Die fast spielerische Einflechtung bestimmter moderner Erscheinungen gelingt Uderzo allein längst nicht so gut - er weicht lieber ins Märchenhafte aus, wie in Morgenland und in diesem Band besonders deutlich wird. Früher waren Resisitance und Kollaboration, Jugendkultur, die (modernen!) Schrullen anderer europäischer Völker, Streiks, Präsidenten-Wahlkämpfe, modernes Theater, Staus, Technokraten, Manager, neureiche Spießer, Aberglauben und viele andere moderne Phänomene und Verhaltensweisen Ziel von Goscinnys und Uderzos Spott.
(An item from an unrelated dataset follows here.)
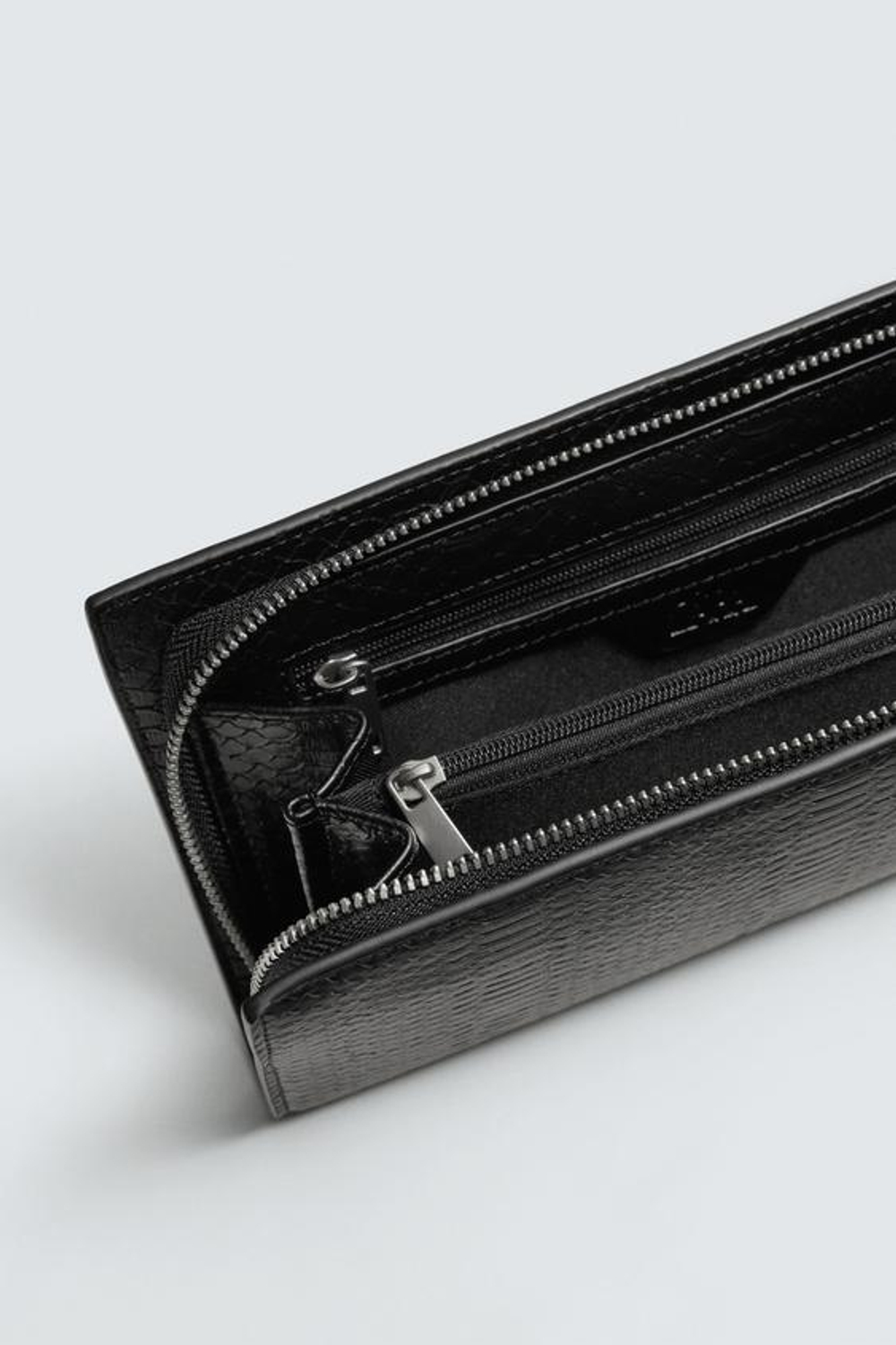 ZARA КОШЕЛЕК XL С ТИСНЕНИЕМ ПОД КОЖУ КРОКОДИЛА, ЧЕРНЫЙ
Diese Tradition hat der allein textende Uderzo zwar nicht aufgegeben, wie Asterix und Maestria zeigt, aber er tut sich damit schwerer. (Man muß aber beachten, daß - folgt man dem oben zitierten André Stoll - bis zu 70% der Bildparodien und Wortspiele bei Asterix zwangsläufig bei der Übersetzung in eine andere Sprache verlorengehen.)
Trotzdem: Von 1959, als Asterix der Gallier in einer bescheidenen Auflage von 6000 Exemplaren startete, über Asterix und Kleopatra, dem fünften (nicht etwa zweiten!) Band, der mit einer Anfangsauflage von einer Million den endgültigen Durchbruch brachte, bis heute, wo Obelix auf Kreuzfahrt mit 8,2 Millionen Exemplaren unters Volk gebracht wurde und in manchen Buchhandlungen dennoch Wartelisten eingerichtet werden mußten, ist die Asterix-Reihe die Krönung der Comic-Kunst.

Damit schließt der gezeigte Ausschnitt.